Accounting fraud is intentional manipulation of financial statements to create a facade of a company's financial health. It involves an employee, account or the organization itself and is misleading to investors and shareholders. A company can falsify its financial statements by overstating its revenue or assets, not recording expenses and under-recording liabilities.

Intentional Manipulation

For example, a company commits accounting fraud if it overstates its revenue. Suppose company ABC is actually operating at a loss and is not generating any revenues. On its financial statements, the company's profits would be inflated and its net worth would be overstated. If the company overstates its revenues, it would drive its share price up and falsely depict the its true financial health.

Another example of a company committing accounting fraud is when it overstates its assets and under-records its liabilities. For example, suppose a company overstates its current assets and understates its current liabilities. This falsifies a company's short-term liquidity. Suppose a company has current assets of $1 million, and its current liabilities are $5 million.

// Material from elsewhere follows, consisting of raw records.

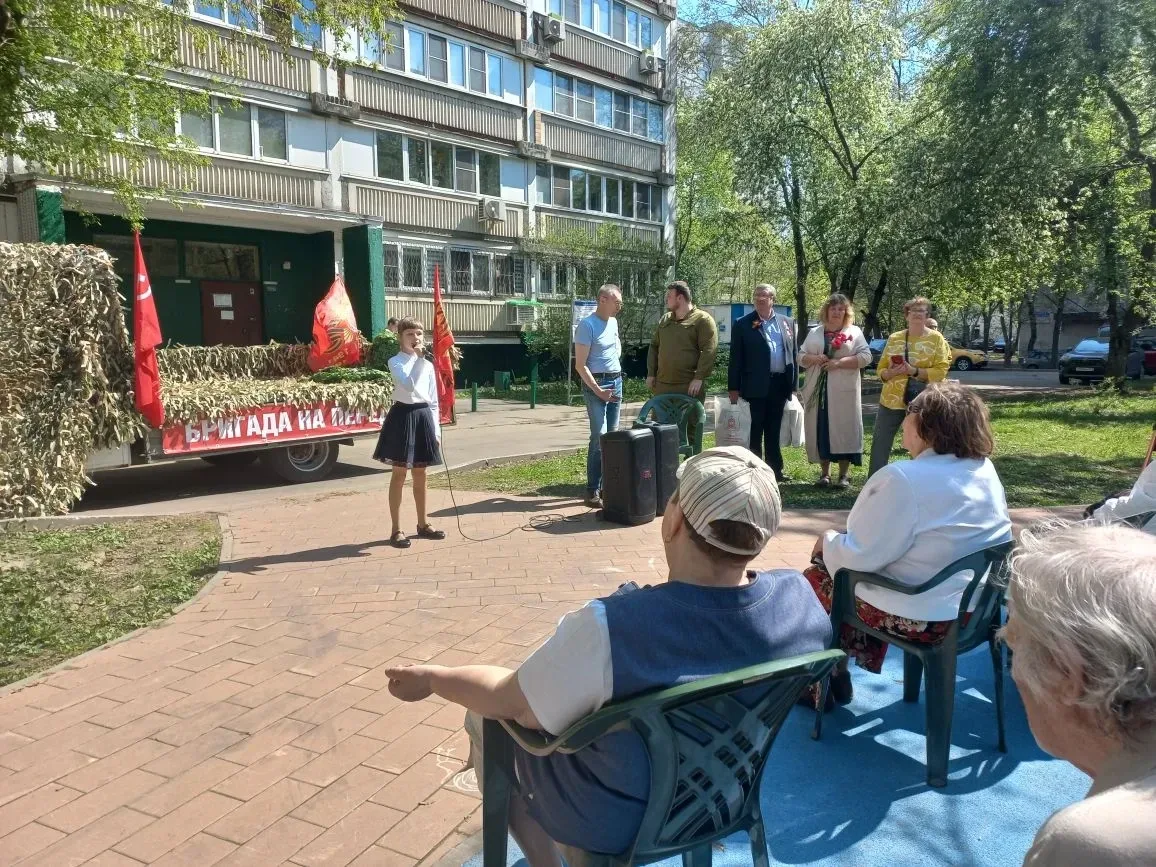 🎗️ Накануне 81-й годовщины Победы в Великой Отечественной войне волонтёры "Школа Лидера " приняли уч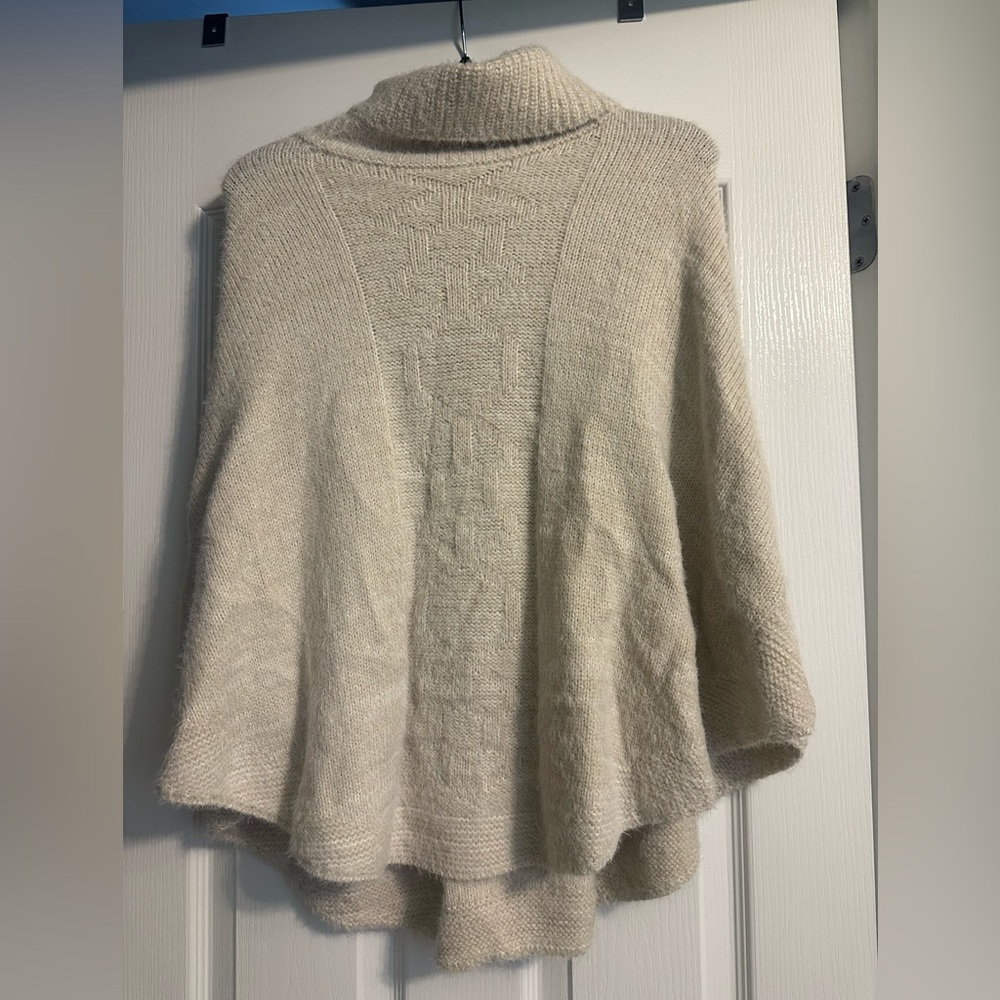 Poncho sweater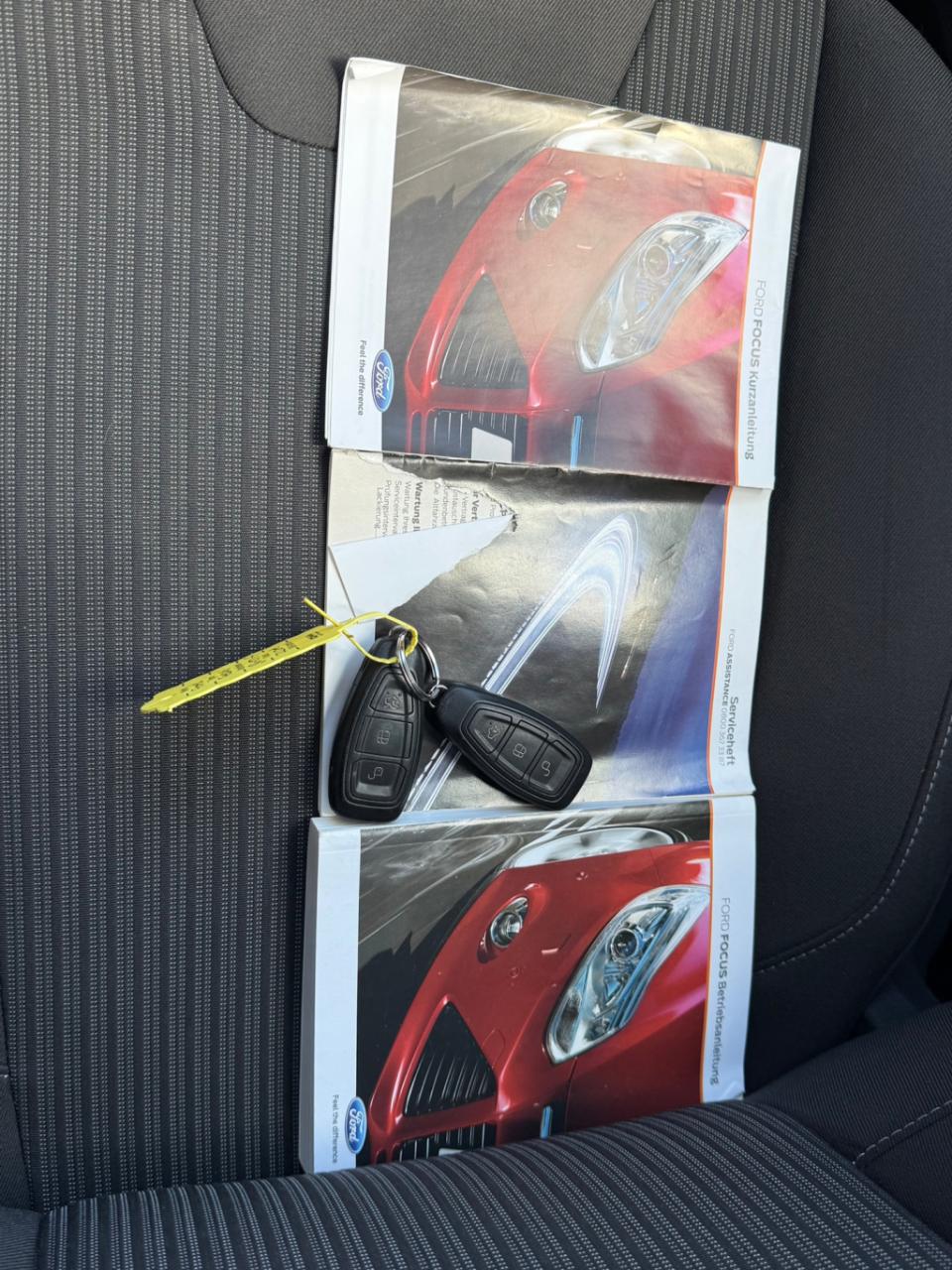 Ford Focus wagon 1.0 ecoboost titanium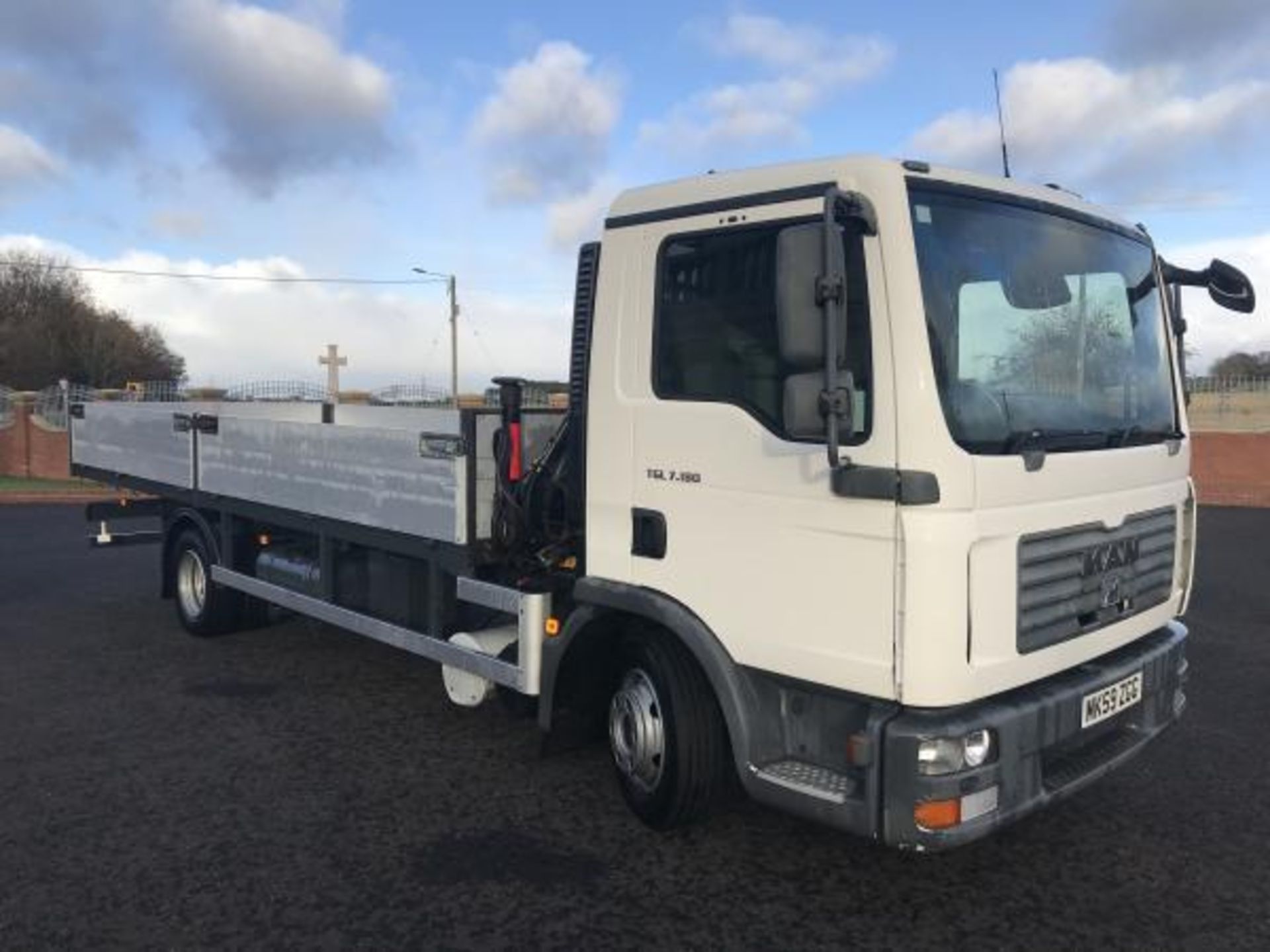 2009/59 REG MAN TGL 7.180 WITH HIAB 060 CRANE TGL CRANE MANUAL GEARBOX *PLUS VAT* - Image 2 of 18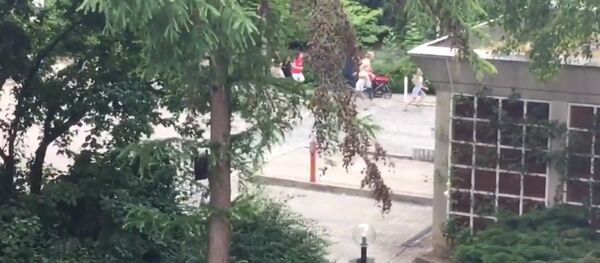 Первые кадры с места стрельбы в торговом центре Мюнхена Первые кадры с места стрельбы в торговом центре Мюнхена - Sputnik Латвия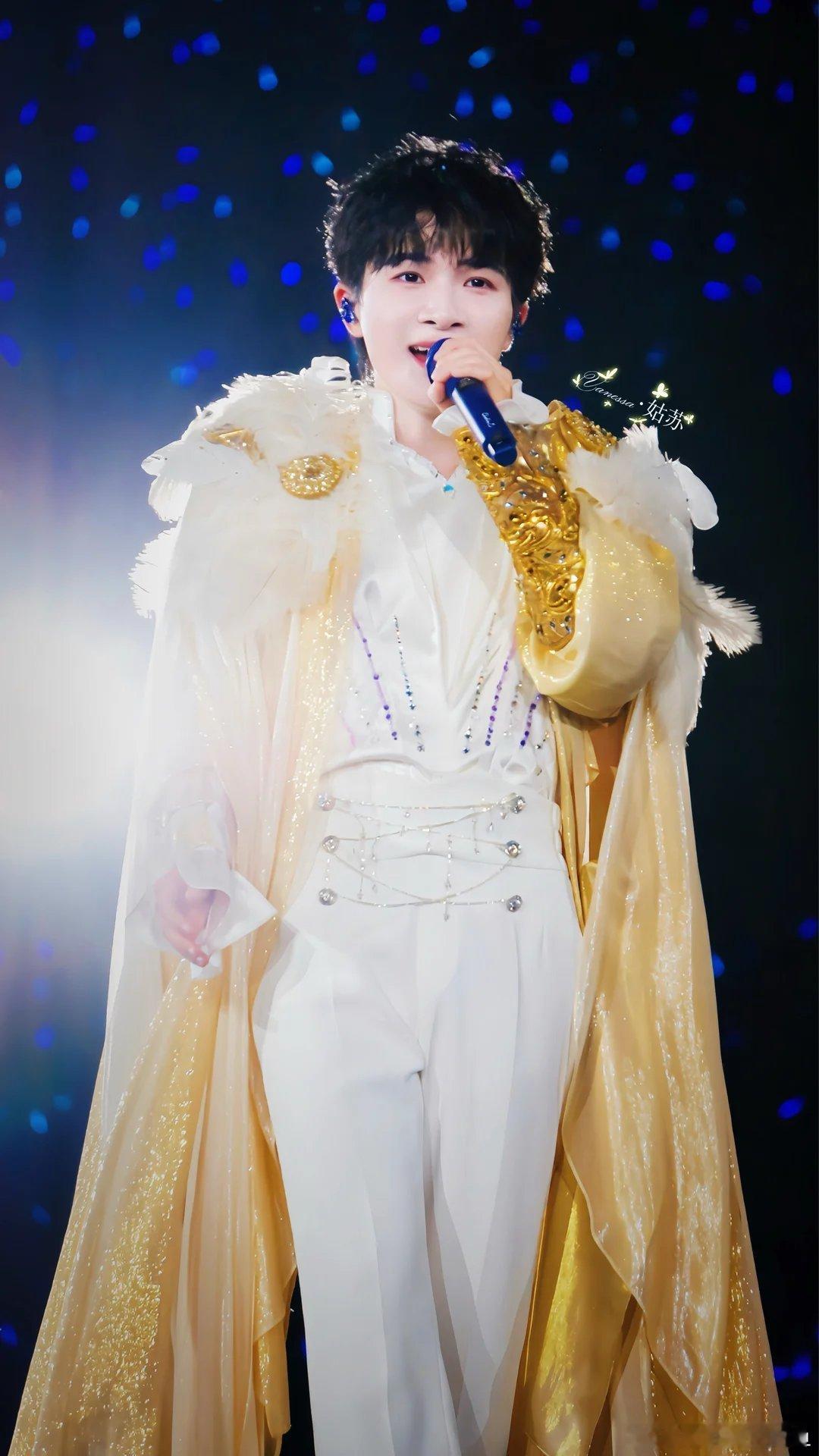 周深 1️⃣腾讯音乐由你榜🗡️周深献唱雨霖铃主题曲孤剑吟说什么 忠义两难，付一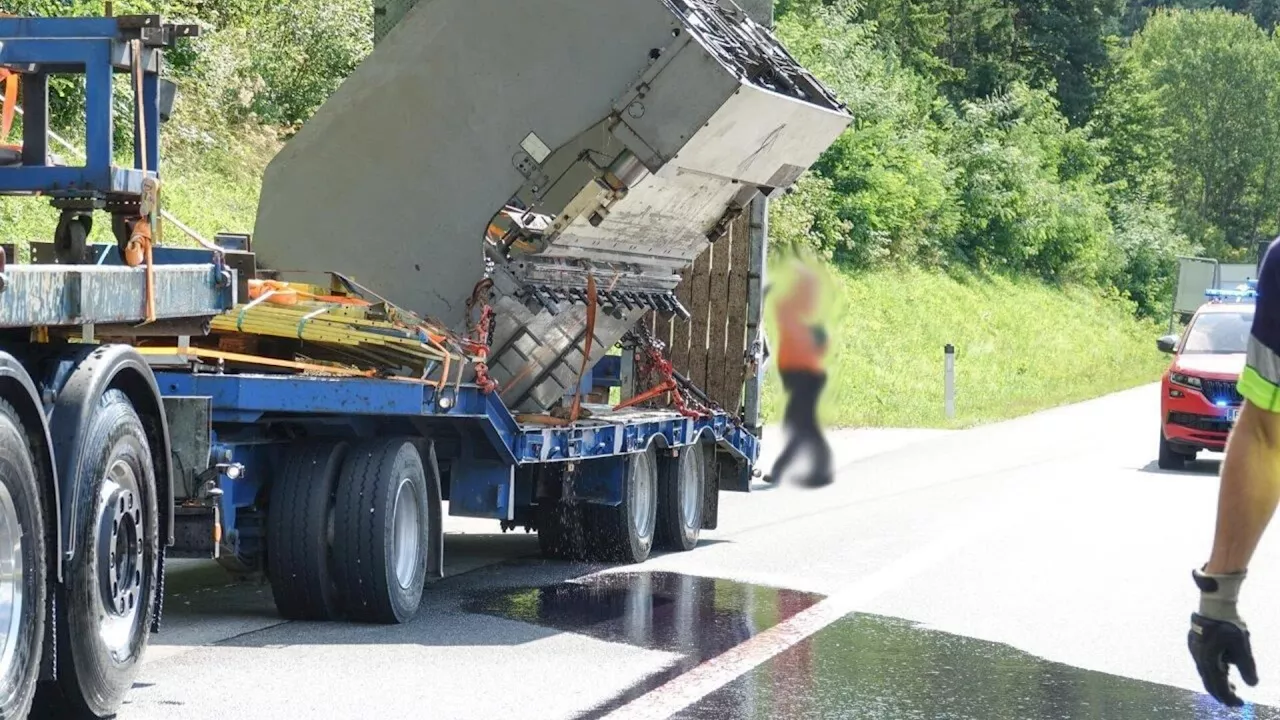 Fünf Tonnen schwere Hydraulikpresse drohte von Lkw auf A2 zu stürzen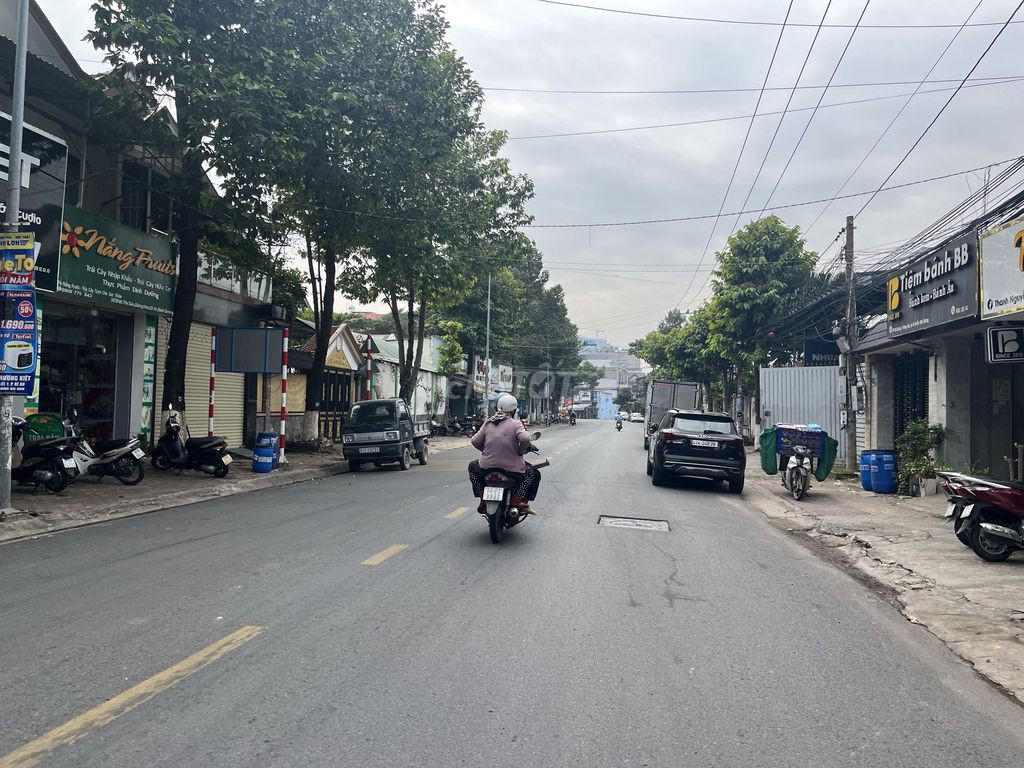 BÁN XƯỞNG 1.900M2 50X38 TRUNG TÂM ĐÔNG HOÀ GẦN BIGC GO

If the company overstates its current assets and understates its current liabilities, this will falsify the liquidity of the company. If the company states it has $5 million in current assets and $500,000 in current liabilities, potential investors will believe that the company has enough liquid assets to cover all of its liabilities.

Unrecorded Expenses

A third example is if a company does not record its expenses. As a result, the company's net income is overstated and expenses are understated on its income statement. This type of accounting fraud creates a facade of how much net income a company is receiving while, in reality, it may be losing money.